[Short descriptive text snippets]

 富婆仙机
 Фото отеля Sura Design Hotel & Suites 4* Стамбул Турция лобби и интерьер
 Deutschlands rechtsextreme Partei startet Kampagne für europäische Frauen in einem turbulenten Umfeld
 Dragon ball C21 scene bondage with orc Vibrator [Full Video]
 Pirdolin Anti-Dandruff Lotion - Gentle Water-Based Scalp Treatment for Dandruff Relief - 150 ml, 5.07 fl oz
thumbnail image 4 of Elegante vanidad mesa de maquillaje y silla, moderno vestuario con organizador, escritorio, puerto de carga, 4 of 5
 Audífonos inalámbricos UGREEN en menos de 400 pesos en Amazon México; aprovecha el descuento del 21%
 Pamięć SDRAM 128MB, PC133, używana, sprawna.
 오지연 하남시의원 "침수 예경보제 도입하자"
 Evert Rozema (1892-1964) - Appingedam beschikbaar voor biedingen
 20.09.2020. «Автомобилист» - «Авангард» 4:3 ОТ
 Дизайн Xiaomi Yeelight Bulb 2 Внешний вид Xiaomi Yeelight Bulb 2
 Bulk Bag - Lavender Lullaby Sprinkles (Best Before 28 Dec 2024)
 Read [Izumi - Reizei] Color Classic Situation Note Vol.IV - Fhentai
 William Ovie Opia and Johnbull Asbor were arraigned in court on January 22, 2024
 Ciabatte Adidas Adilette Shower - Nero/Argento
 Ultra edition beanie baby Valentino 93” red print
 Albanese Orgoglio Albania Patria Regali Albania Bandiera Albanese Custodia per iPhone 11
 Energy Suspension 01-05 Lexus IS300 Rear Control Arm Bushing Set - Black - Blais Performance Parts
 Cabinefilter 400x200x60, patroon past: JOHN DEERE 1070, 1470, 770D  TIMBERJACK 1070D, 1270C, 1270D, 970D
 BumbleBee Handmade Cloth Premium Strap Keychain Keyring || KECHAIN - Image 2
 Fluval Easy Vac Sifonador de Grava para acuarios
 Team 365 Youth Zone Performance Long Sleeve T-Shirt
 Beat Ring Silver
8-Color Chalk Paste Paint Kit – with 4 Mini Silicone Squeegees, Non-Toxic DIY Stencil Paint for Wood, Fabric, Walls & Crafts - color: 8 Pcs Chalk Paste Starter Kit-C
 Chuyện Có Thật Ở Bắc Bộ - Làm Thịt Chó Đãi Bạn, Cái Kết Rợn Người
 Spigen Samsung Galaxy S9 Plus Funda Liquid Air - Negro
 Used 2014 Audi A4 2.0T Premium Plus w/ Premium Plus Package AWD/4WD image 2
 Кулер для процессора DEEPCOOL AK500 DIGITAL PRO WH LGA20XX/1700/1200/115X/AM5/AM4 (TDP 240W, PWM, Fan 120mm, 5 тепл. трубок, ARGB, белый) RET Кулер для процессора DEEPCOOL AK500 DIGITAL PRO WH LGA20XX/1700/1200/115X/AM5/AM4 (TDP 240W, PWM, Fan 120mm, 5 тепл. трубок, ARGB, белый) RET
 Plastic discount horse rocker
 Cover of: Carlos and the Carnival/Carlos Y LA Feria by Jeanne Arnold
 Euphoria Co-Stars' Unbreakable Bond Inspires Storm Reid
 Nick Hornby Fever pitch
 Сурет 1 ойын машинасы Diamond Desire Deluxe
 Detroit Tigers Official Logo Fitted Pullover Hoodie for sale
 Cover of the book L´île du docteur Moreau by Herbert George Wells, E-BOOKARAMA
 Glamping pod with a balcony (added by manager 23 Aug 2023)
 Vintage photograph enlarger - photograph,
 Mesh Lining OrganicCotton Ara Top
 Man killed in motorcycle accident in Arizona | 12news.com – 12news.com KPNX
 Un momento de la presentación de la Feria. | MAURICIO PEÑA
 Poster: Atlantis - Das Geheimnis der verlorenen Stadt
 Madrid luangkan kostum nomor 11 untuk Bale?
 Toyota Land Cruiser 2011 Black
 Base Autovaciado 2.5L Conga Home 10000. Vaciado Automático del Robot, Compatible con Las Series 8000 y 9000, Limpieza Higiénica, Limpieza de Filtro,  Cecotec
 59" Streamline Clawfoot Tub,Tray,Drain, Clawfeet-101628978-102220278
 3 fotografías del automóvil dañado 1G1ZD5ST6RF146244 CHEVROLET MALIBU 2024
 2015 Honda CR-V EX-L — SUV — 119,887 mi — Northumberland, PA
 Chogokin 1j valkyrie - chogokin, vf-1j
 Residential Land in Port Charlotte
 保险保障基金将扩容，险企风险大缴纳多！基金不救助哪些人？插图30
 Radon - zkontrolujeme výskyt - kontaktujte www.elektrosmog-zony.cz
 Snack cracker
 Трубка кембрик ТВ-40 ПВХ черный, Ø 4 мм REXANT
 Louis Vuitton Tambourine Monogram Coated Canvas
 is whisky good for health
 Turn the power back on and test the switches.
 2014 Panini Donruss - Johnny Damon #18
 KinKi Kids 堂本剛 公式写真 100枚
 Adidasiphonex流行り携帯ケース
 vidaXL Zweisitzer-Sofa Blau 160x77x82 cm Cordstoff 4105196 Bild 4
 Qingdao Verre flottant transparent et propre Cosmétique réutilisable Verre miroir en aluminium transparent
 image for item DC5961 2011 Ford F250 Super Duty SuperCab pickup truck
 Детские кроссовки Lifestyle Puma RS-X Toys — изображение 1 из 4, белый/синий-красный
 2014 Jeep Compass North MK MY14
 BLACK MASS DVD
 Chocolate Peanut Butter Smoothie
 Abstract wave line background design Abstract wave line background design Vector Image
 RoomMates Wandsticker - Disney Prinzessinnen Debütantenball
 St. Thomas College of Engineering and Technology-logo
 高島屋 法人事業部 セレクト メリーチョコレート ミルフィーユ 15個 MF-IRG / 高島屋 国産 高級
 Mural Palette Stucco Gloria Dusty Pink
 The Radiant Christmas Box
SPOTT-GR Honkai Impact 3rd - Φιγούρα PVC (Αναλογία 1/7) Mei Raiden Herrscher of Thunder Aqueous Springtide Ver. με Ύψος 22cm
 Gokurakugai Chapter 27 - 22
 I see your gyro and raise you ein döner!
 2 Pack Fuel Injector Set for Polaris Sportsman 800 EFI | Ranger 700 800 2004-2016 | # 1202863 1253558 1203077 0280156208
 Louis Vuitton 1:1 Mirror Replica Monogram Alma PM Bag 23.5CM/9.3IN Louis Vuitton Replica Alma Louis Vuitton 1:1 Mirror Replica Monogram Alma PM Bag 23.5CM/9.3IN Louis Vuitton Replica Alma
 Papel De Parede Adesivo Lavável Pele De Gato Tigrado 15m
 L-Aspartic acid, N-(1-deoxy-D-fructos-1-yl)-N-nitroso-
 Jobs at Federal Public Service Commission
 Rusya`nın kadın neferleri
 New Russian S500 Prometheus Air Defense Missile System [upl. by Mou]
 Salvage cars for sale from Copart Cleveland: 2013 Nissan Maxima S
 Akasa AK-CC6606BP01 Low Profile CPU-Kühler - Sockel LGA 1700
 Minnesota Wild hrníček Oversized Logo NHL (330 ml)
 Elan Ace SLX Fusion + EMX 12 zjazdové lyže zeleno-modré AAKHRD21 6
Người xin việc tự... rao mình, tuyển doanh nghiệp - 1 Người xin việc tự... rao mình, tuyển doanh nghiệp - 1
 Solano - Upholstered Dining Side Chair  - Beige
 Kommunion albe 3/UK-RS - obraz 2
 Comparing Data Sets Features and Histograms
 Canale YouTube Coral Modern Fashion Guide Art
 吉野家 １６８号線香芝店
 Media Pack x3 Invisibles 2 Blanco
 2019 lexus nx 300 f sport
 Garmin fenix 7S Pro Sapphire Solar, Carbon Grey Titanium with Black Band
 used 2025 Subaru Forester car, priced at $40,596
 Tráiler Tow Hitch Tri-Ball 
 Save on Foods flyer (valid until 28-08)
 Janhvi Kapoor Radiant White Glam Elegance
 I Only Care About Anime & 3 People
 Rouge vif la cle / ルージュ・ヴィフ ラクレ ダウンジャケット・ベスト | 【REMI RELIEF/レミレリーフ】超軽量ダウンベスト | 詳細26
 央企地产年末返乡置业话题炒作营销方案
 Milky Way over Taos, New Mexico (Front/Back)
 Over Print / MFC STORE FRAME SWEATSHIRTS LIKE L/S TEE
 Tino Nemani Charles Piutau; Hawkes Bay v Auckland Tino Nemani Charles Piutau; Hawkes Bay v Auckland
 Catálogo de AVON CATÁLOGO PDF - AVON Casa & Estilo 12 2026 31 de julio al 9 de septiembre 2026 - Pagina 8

Work item: Only lines that contain "Premium" are needed, so copy each of them from the data.

Solution:
 BumbleBee Handmade Cloth Premium Strap Keychain Keyring || KECHAIN - Image 2
 Used 2014 Audi A4 2.0T Premium Plus w/ Premium Plus Package AWD/4WD image 2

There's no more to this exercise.